A battle for the soul of agriculture is being waged in California in a new sort of green revolution — and counter-revolution.  Jackson West

"If we want to have bagged spinach and lettuce available 24/7, 12 months of the year, it comes with costs," lawyer Bill Marler told the San Francisco Chronicle.

Marler would know — he represented the plaintiffs that came forward after an E. coli outbreak from fresh spinach grown in California made customers sick in 2006.

But he’s not talking about legal fees and court settlements. Instead, it comes in the form of environmental degradation as industrial farming attempts to fix the problems it has created.
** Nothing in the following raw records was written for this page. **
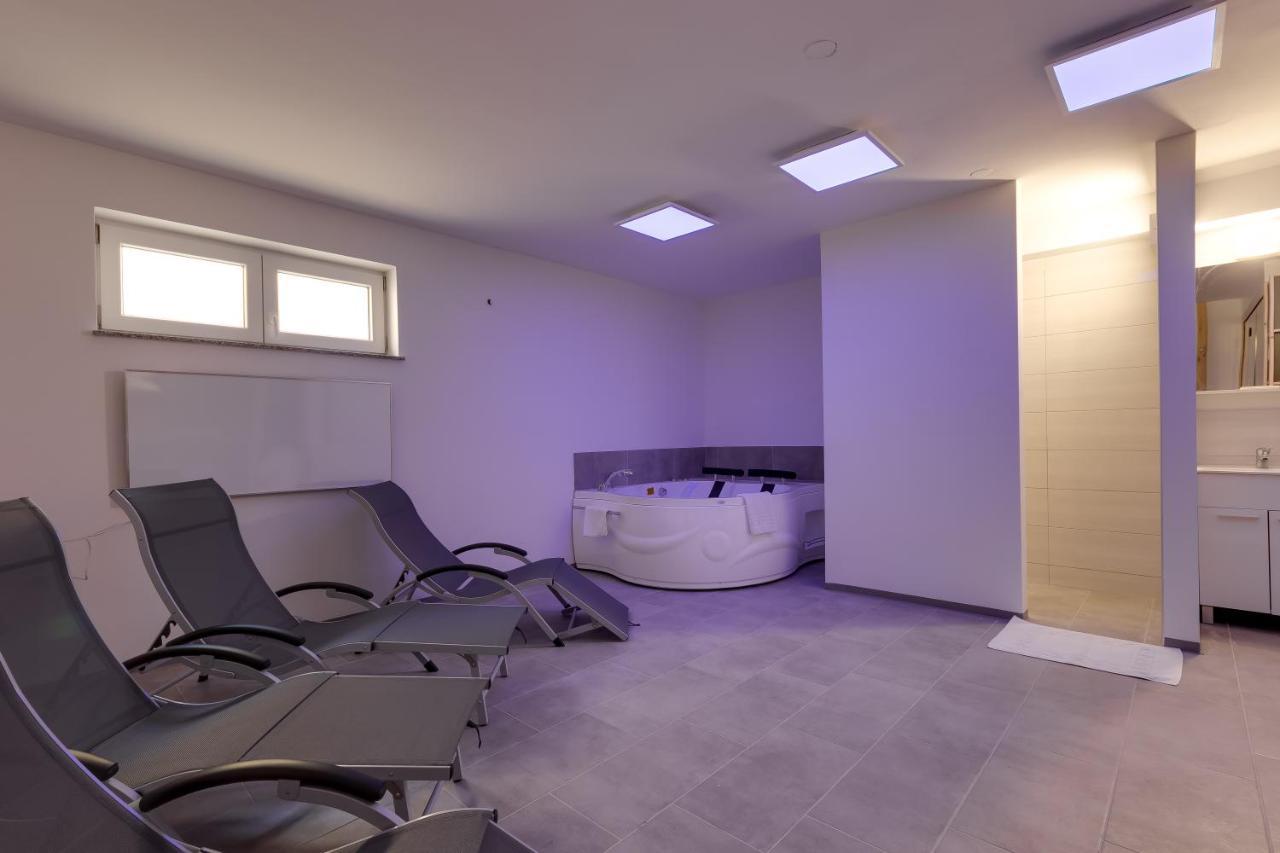 Chic Apartments With Finnish Sauna And Jacuzzi Kranjska Gora Kültér fotó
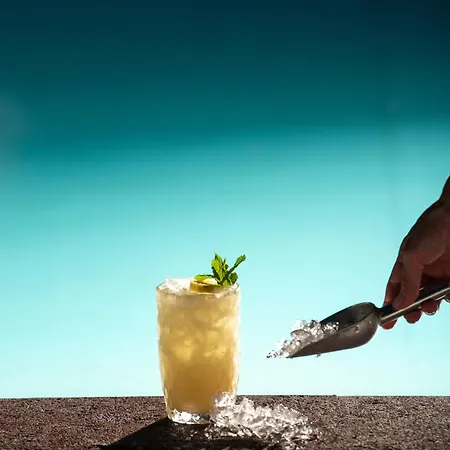 Karavia Lux מלון דירות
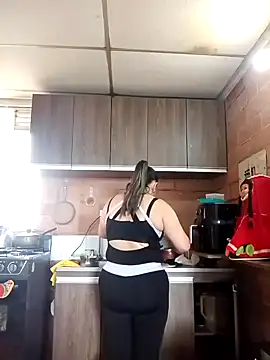 Valeria montana  online show from 01.10.26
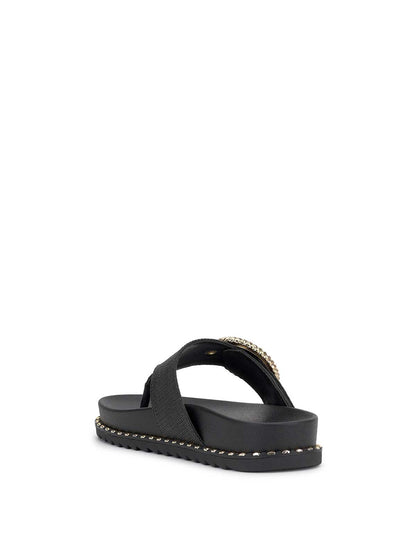Jessica Simpson Women Cymmeri Flat Sandal in Black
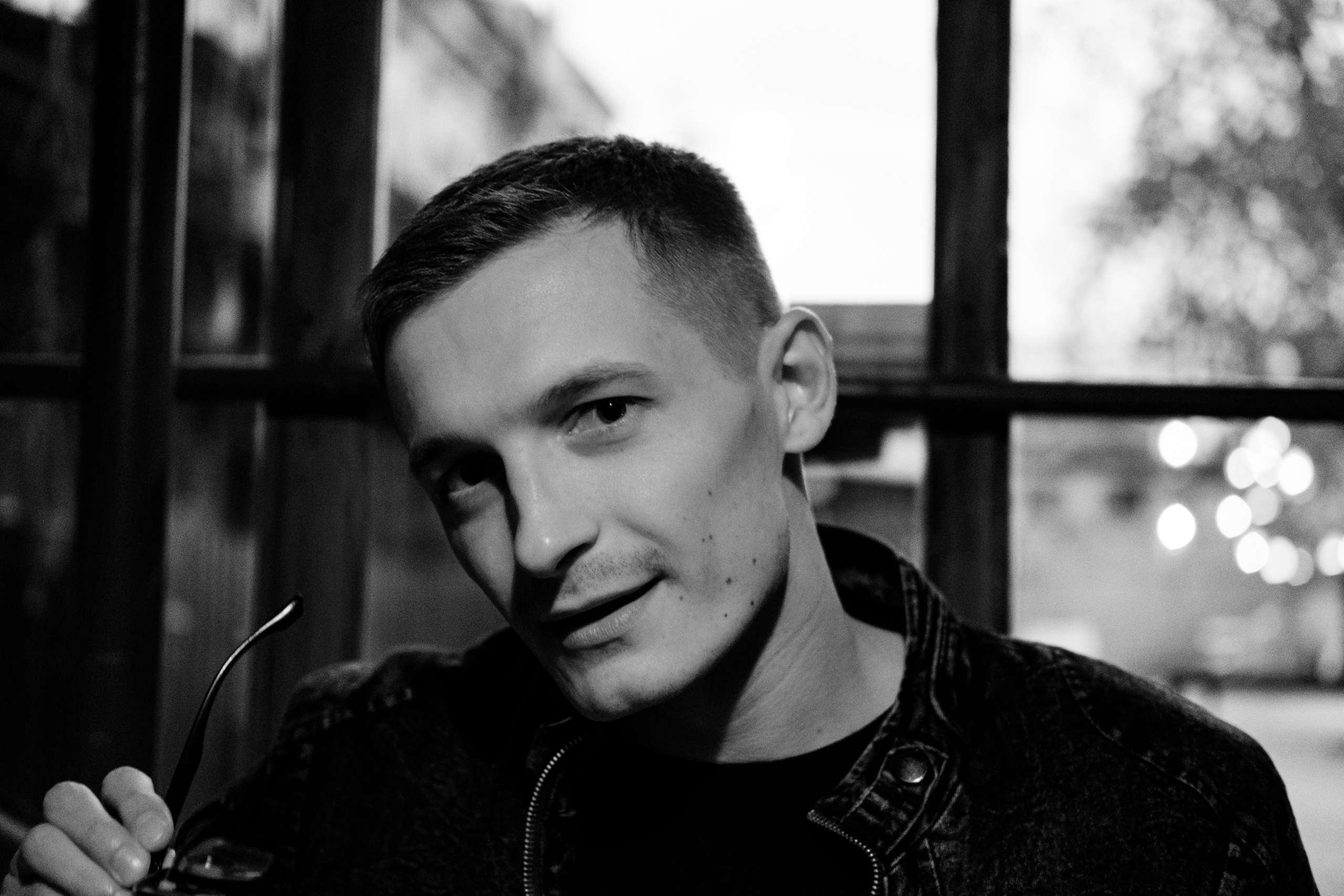 Артём, мужской портрет. Фотограф в Иркутске Анна Мирошникова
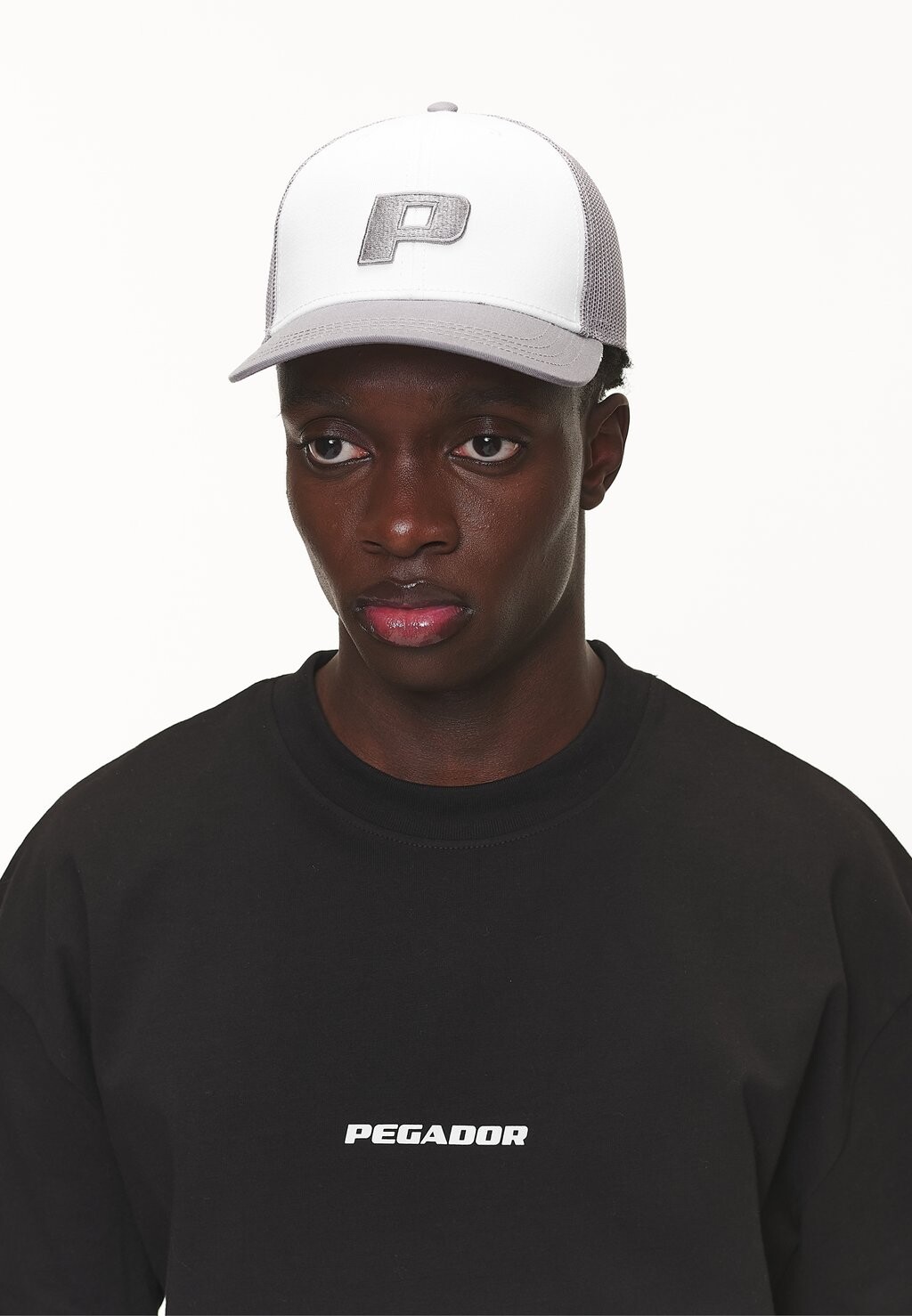 

Кепка LOGO BASEBALL TRUCKER UNISEX Pegador, белый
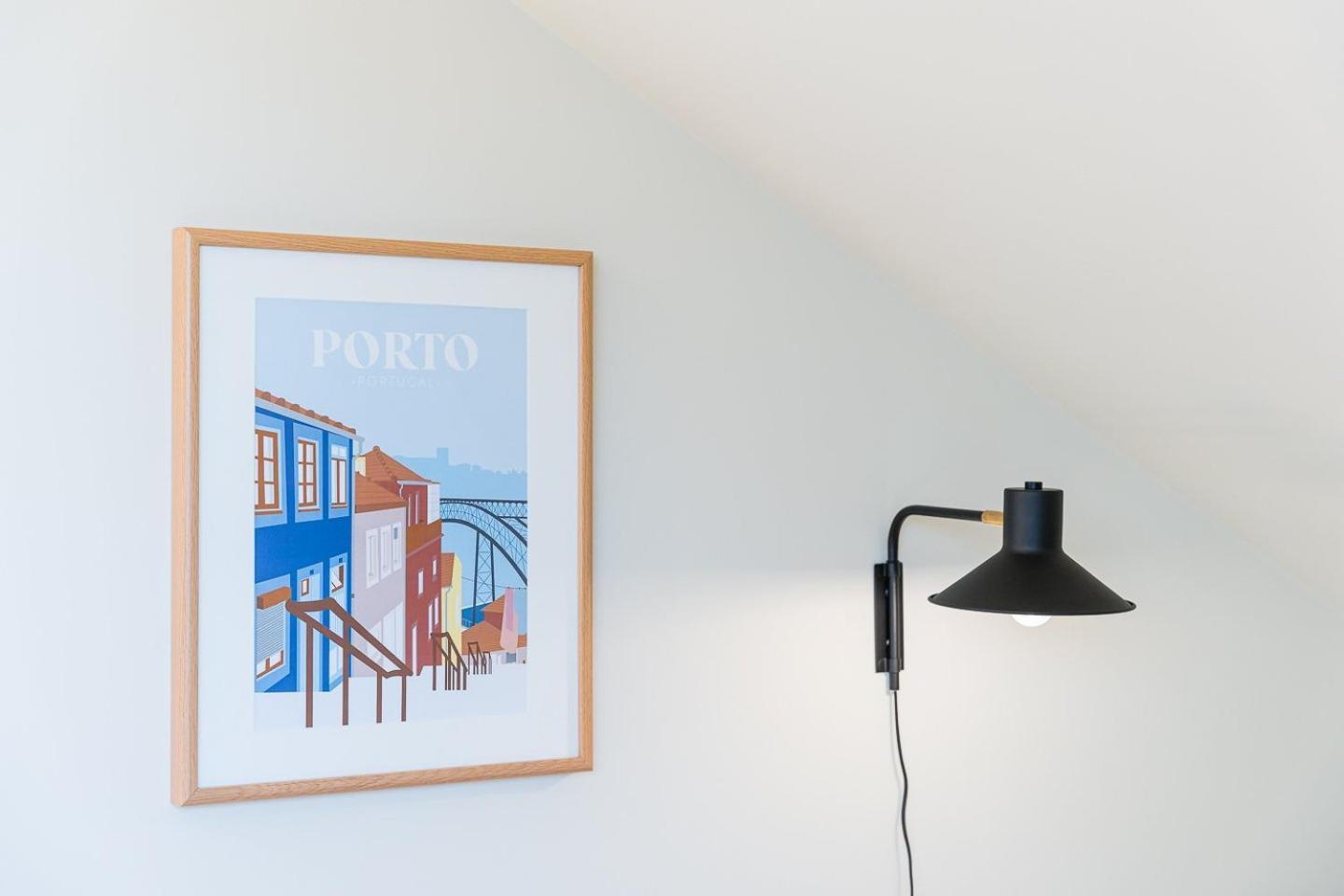 Guestready - Spacious And Modern Apt W/ Skylight Порто Екстериор снимка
Distributors are forcing farmers to implement guidelines that are fueled by consumer fears, not farm science.

For instance, sterile zones demanded around crops mean more rodents, which means more rodent poison, which kills the predatory birds which naturally control the rodent population.

Of course, the deadly and drug-resistant strain of E. coli that these measures are trying to prevent was created by the heavy use of antibiotics in feedlots.

"You have to think about what’s the logical end point of looking at food this way," noted author Michael Pollan, who has criticized industrial agriculture in his last two books. "It’s food grown indoors hydroponically."

There is some good news for greener farming. "In 16 years of handling nearly every major food-borne illness outbreak in America, I can tell you I’ve never had a case where it’s been linked to a farmers’ market," Marler added.